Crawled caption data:
BEGIN

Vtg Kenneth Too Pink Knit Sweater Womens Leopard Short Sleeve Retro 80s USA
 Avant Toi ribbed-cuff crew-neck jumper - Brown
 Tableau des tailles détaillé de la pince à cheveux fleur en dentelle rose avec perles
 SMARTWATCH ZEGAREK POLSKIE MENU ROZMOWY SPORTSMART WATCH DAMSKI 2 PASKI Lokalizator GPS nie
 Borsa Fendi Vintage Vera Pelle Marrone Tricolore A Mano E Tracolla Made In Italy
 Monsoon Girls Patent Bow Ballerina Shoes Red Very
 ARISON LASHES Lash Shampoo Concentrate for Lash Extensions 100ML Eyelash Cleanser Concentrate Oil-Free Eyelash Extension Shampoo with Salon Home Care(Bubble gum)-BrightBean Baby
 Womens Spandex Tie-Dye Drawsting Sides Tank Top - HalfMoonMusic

END

Task goal:
For this exercise, output exactly the lines above from the line with "Tableau des tailles" to the line with "Monsoon Girls Patent", counting both, and leave out the rest.

Task solution:
 Tableau des tailles détaillé de la pince à cheveux fleur en dentelle rose avec perles
 SMARTWATCH ZEGAREK POLSKIE MENU ROZMOWY SPORTSMART WATCH DAMSKI 2 PASKI Lokalizator GPS nie
 Borsa Fendi Vintage Vera Pelle Marrone Tricolore A Mano E Tracolla Made In Italy
 Monsoon Girls Patent Bow Ballerina Shoes Red Very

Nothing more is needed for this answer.